Task to complete: Leaving out the pictures, print exactly the lines from the one holding "Sante Vitamin B12" to the last line of the entries below, both included, and nothing more.

▼▼▼

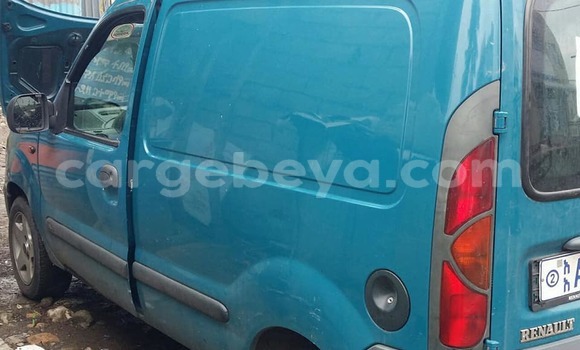 Buy Used Renault Kangoo Other Car in Addis–Ababa in Ethiopia Buy Used Renault Kangoo Other Car in Addis–Ababa in Ethiopia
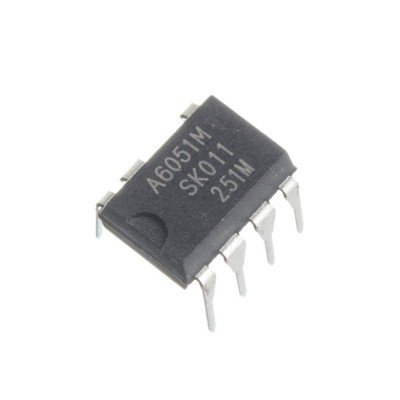 Мікросхема STRA6051M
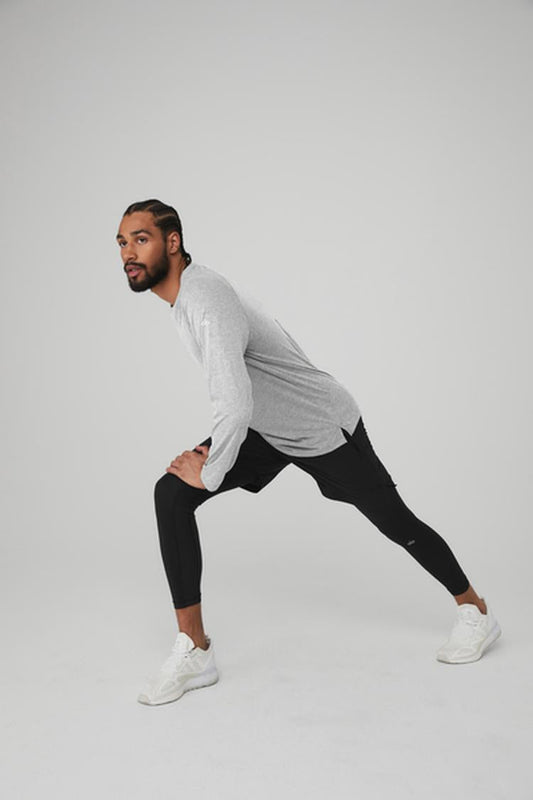 TRIUMPH LONG SLEEVE TEE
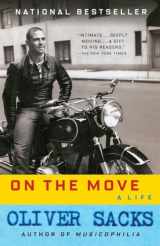 9780804170932-0804170932-On the Move: A Life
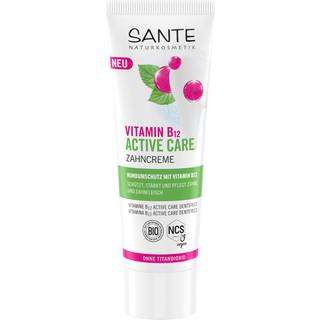 Sante Vitamin B12 Active Care tandcreme 626.00 DKK/1 L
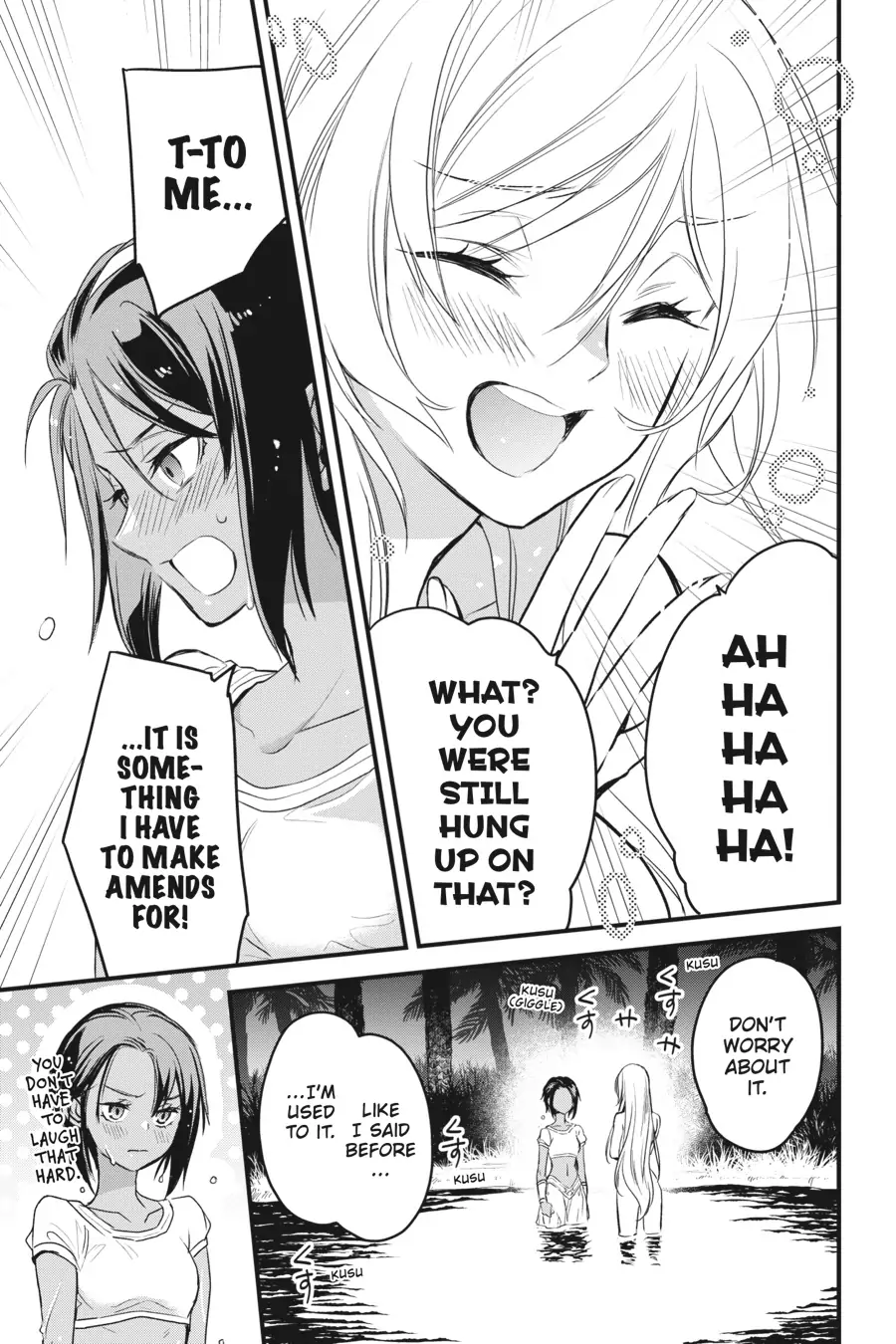 Dungeon ni Deai o Motomeru no wa Machigatte Iru Darou ka – Familia Chronicle: Episode Freya chapter 7 - page 42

▲▲▲

Task result:
 Sante Vitamin B12 Active Care tandcreme 626.00 DKK/1 L
 Dungeon ni Deai o Motomeru no wa Machigatte Iru Darou ka – Familia Chronicle: Episode Freya chapter 7 - page 42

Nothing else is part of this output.